When facing bankruptcy, one of the most pressing concerns for many individuals is the fate of their personal assets, specifically their vehicles. A car is not just a symbol of independence; it’s also a lifeline that enables people to commute to work, take their kids to school, or even make a living. But can you keep your car during bankruptcy? The answer is not a simple yes or no, as it largely depends on the specifics of your financial situation and the type of bankruptcy filed. Here a Chapter 7 bankruptcy lawyer breaks down what you need to know.

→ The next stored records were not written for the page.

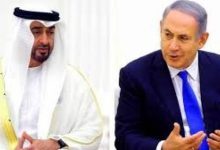 كاتب سعودي يهاجم "أبو ظبي": "خانوا الله والأمة ودعموا الحرب البربرية على غزة"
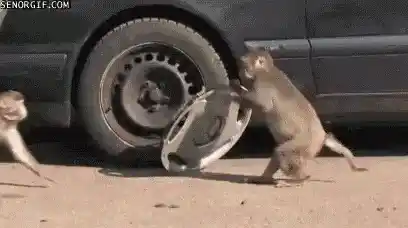 Monkey Steals Car Hubcap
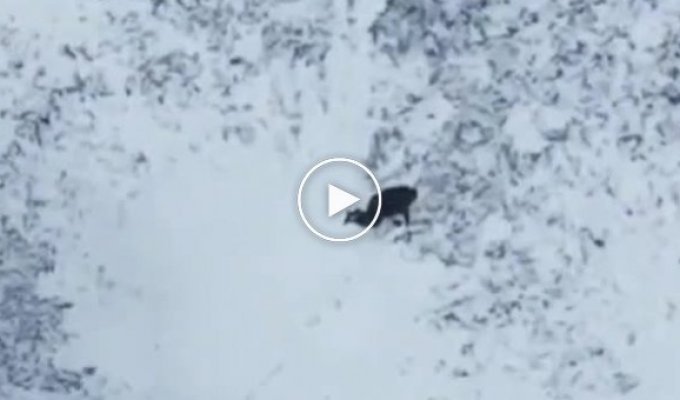 Видео работы операторов дронов на передовой. Часть 4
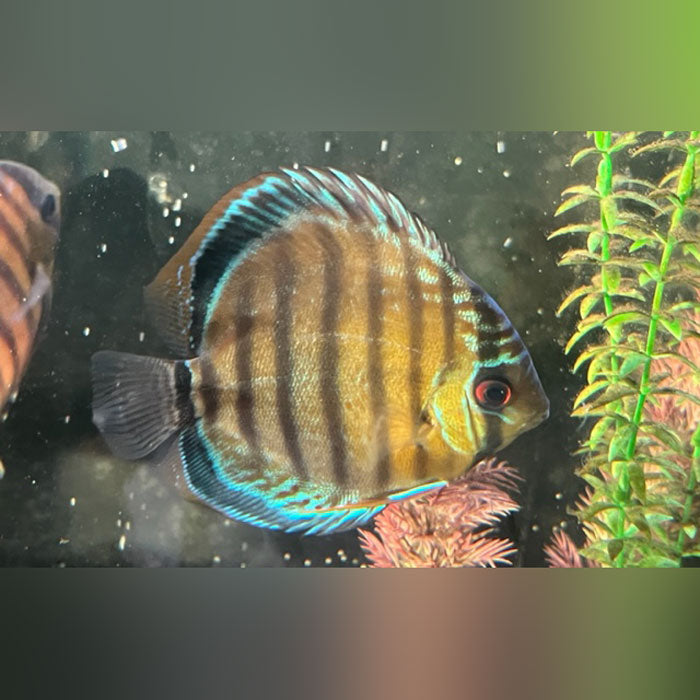 Blue Discus - Wild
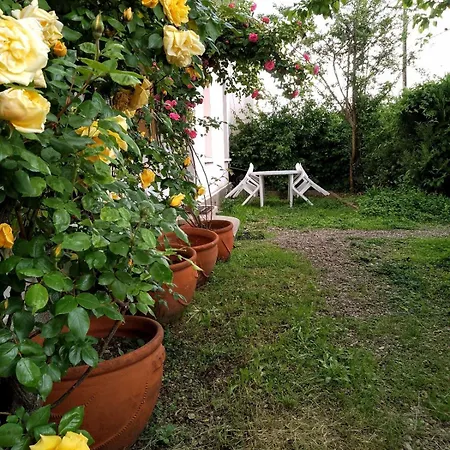 Avec Terrasse En Plein Centre *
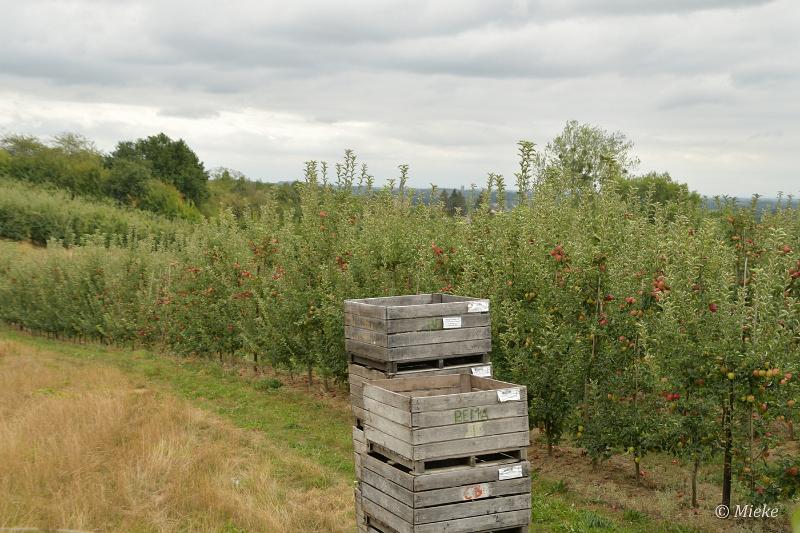 bdRondje borgloon 2022 12.JPG - Rondje borgloon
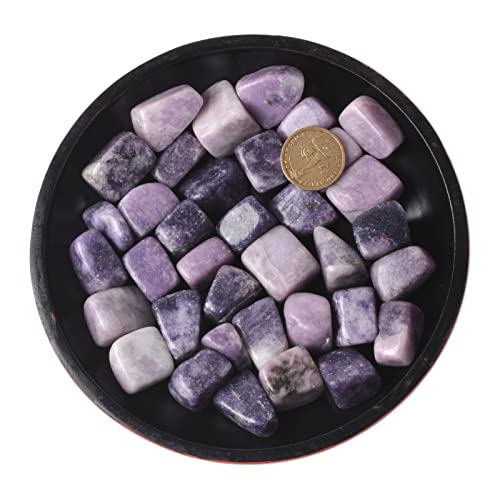 Image of 1 /2LB Large Lepidolite Lithium Mica Tumbled Stone Specimen Collection Pocket Worry Healing Crystal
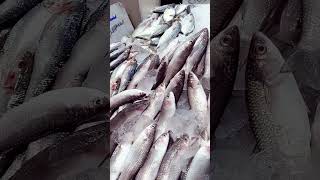 Fish market in Kuwait | Fish market | কুয়েতে বাংলাদেশি মাছ বাজার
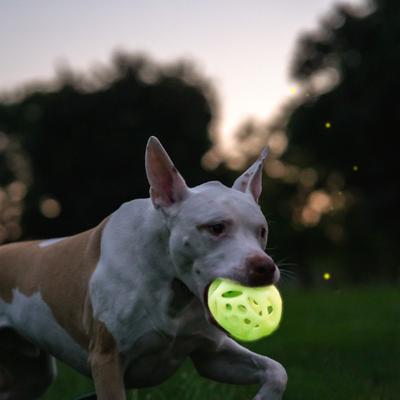 Show full view: Chew King by Mammoth Glowing Fetch Lattice Tough Chew Ball Dog Toy, Green, 2 count, Large slide 3 of 8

What Happens to Cars in Bankruptcy
In the realm of bankruptcy, cars are considered assets and therefore can be affected by the proceedings. In Chapter 7 bankruptcy, non-exempt assets are liquidated to pay off creditors. However, each state has its own exemption laws that may allow you to keep your car. If the equity in your car is less than the allowable exemption, you can typically keep it.
Chapter 13 bankruptcy works differently. Instead of liquidating assets, you’re put on a payment plan to repay some or all of your debts over time. In this case, you’ll likely be able to keep your car, as long as you continue making payments.
How Reaffirmations Work
Reaffirmation is a legal procedure in which you agree to continue paying a secured debt, like a car loan, even though you’re going through bankruptcy. By signing a reaffirmation agreement, you’re essentially promising your lender that you’ll honor the original contract. This allows you to keep your car during and after bankruptcy. However, it’s important to consult with a bankruptcy attorney before entering into such an agreement.
Is it a Good Idea to Keep Your Car?
This question is subjective and depends on your unique situation. If your car loan has a high interest rate, or if the car’s value is less than what you owe, it may not be wise to reaffirm the debt. However, if your car is essential for your livelihood and you can afford the payments, it might make sense to keep it. It’s crucial to weigh the pros and cons and potentially seek professional advice.
Redemption is another option for keeping your car in bankruptcy. In a redemption, you pay the lender the replacement value of the car in a lump sum. This is often less than the total amount you owe, potentially saving you money in the long run. However, redemptions require you to have the necessary funds available, which might be challenging when facing bankruptcy.
Cross Collateralization from Credit Unions
If you have a car loan with a credit union, you may encounter a situation known as cross-collateralization. This is when the credit union uses collateral from one loan (like a car loan) to secure another loan. In a bankruptcy scenario, this can complicate matters, as discharging one debt might still leave you with the obligation to repay the car loan due to the cross-collateralization clause.